Russia is suing Australia over a long-running stoush about its embassy, claiming the federal government is trying to “unreasonably” cancel a 99-year lease in the heart of Canberra’s prime diplomatic quarter.
In court documents published on Wednesday and seen by The New Daily, Russia asks the Federal Court to tear up a lease termination for its Yarralumla embassy site, or alternatively, approve a hefty compensation bill for more than $10 million it has spent on the land since it was leased back in 2008.
The court case might be a concluding chapter to Russia’s quest to construct new buildings in Canberra’s diplomatic quarter, now past its fourth decade.
It was back in the Brezhnev era that negotiations began over building a new embassy on the prime land adjacent to Lake Burley Griffin and a stone’s throw from Parliament House and the social club of choice for the diplomatic set: The Commonwealth Club.
But after it was finally awarded the land in 2011, the country has protested that labour issues have been the cause of delays on the site.
The Russian government said a previous builder contracted on the site had gone broke in 2017 and more recently protested that immigration authorities had forbidden the embassy from flying in its own tradies.
Decade of delays
Australia moved to kick Russia off the land in April following more than a decade of building delays.
It comes as Ukrainian diplomats push to be granted the land for their embassy in Canberra, following Australia’s military support for the nation.

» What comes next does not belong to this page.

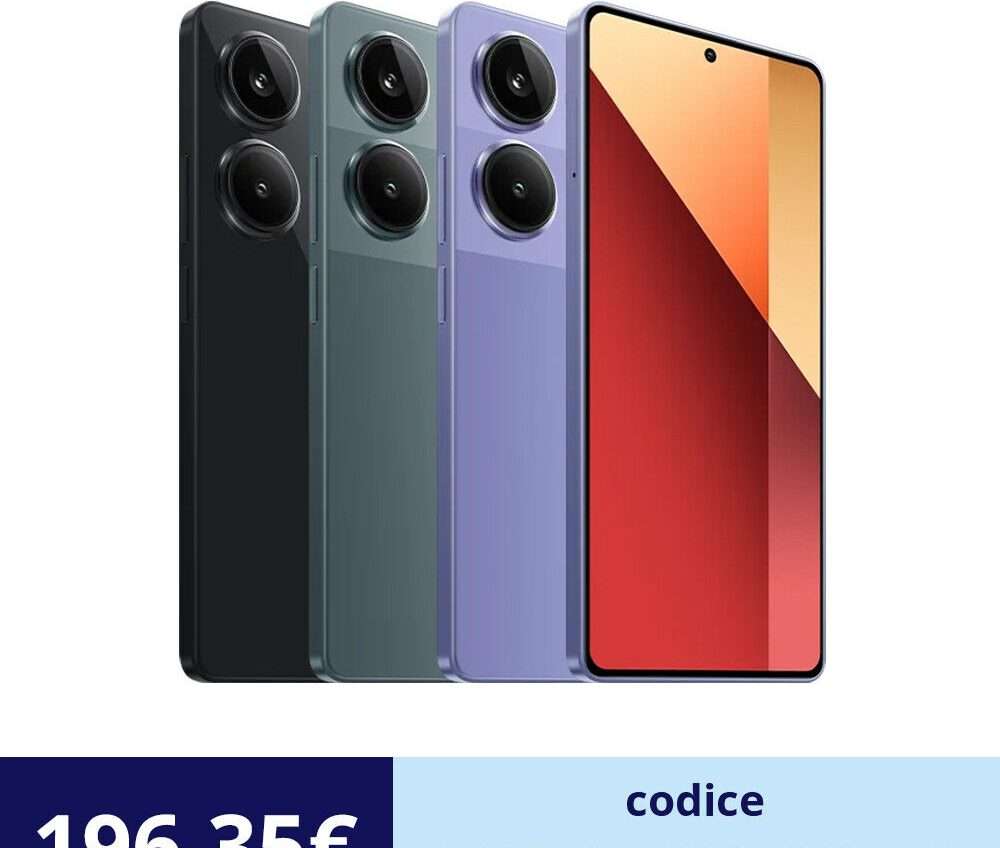 Xiaomi Redmi Note 13 Pro, prezzo imbattibile: prestazioni top e fotocamera da 200MP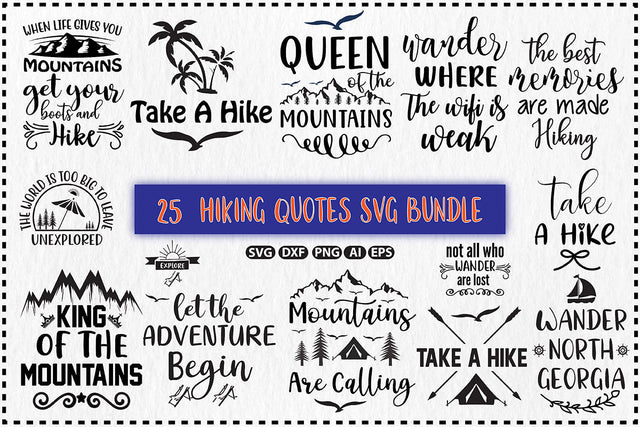 Hiking Quotes SVG Bundle SVG nirmal108roy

Russia claims the National Capital Authority (which oversees planning and development in the capital’s diplomatic district) has “unreasonably” tried to give them the boot from the property, despite recent building work.
It claims Russia has spent $US5.5 million ($8.14 million) constructing a consular building on the land over the past two years, an asset that would amount to “wasted” expenditure if it was unable to open an embassy.
Russia also paid $2.75 million to lease the land in 2008, which is rented at a cost of just five cents per year.
Australia terminated the lease on the basis that Russia failed to finish the construction of its embassy within three years from the 2008 lease start.
But Russia claims Australia is partly to blame for building “difficulties” since planning documents were approved in 2011, reportedly because Canberra pushed back on anti-spying measures Russia wanted to install.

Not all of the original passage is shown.